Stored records
────────────────────

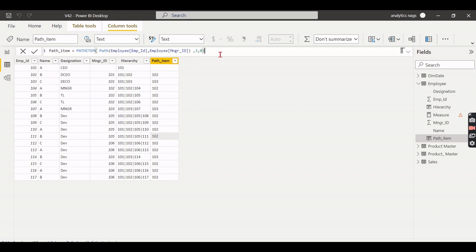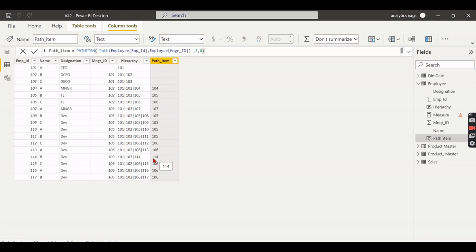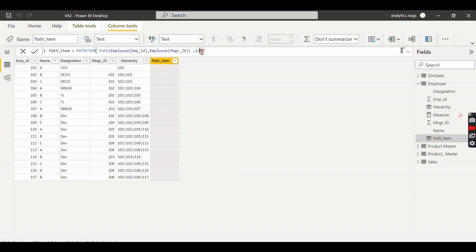If you change the position to 3, you get the third-level employee from the top — for example, 105 is returned. For employee 114, there are only three levels in the path, so position 3 returns that same employee. If you request position 4, it returns blank because there is no fourth level in that employee's path. This is what the PATH ITEM function does: it returns the member at the specified position from the top.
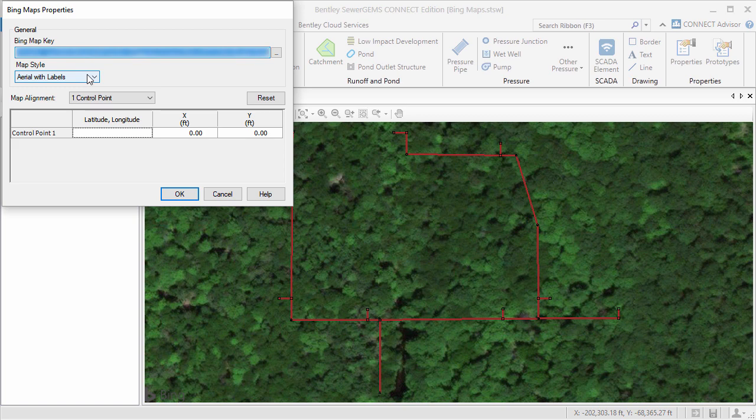I will use the aerial with labels map style, but there are also options for aerial without labels and road.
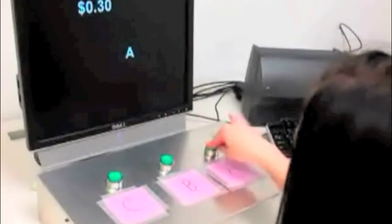The Point Subtraction Aggression Paradigm is a computer behavioral task measuring aggression in response to provocation.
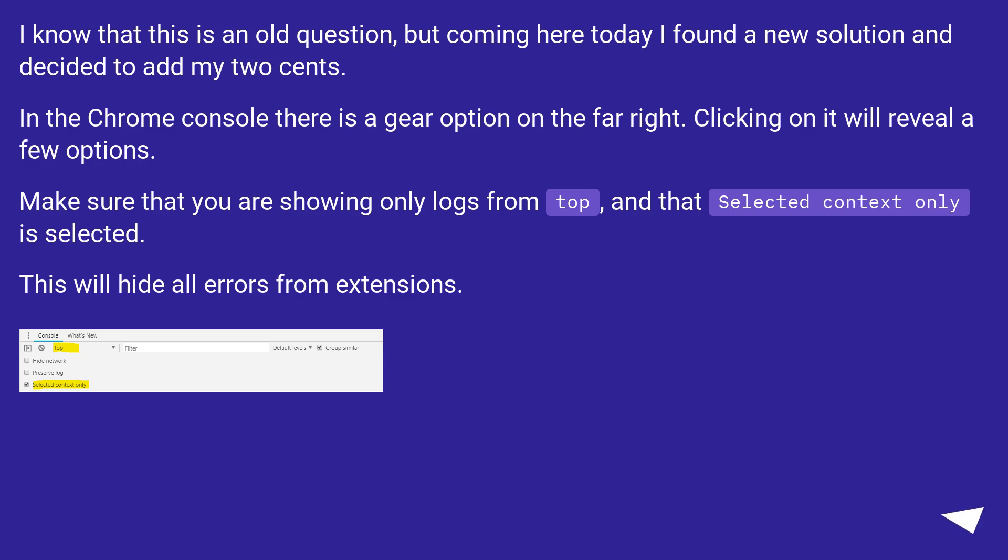Make sure that you are showing only logs from top, and that selected context only is selected. This will hide all errors from extensions.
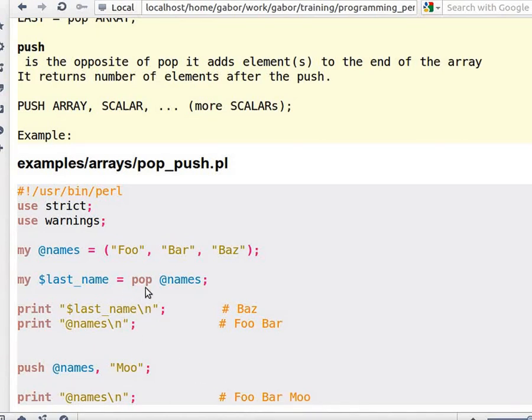By the way, if you run pop on an array and the array is empty, then you will get undef as the return value.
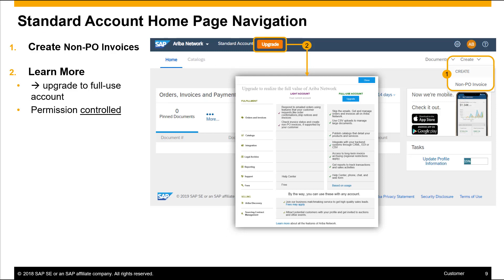This is a screenshot of the supplier's standard account home page. In the upper right-hand corner, you can see the option to create a non-PO invoice. From this screen, the supplier will be taken to a form to create and submit their non-PO invoice. There is also a single-click option for the supplier to upgrade their standard account to an enterprise account at the top of the page, if they want to take advantage of additional features such as inbox and outbox access, integration, and catalogs.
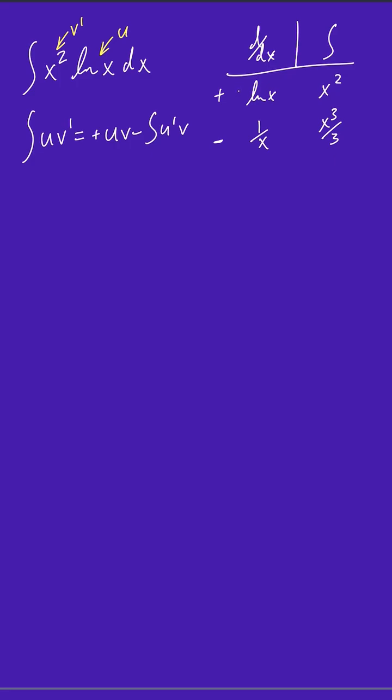So again, we know that this is u, and we know that this is v'. And so this became u prime, and this became v. So now we have everything we need to substitute into our integration by parts formula.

────────────────────

Repeat only the lines between the top of the entries above and the line containing "I will use the", both ends included, without the pictures.

- EXPECTED ANSWER:
If you change the position to 3, you get the third-level employee from the top — for example, 105 is returned. For employee 114, there are only three levels in the path, so position 3 returns that same employee. If you request position 4, it returns blank because there is no fourth level in that employee's path. This is what the PATH ITEM function does: it returns the member at the specified position from the top.
I will use the aerial with labels map style, but there are also options for aerial without labels and road.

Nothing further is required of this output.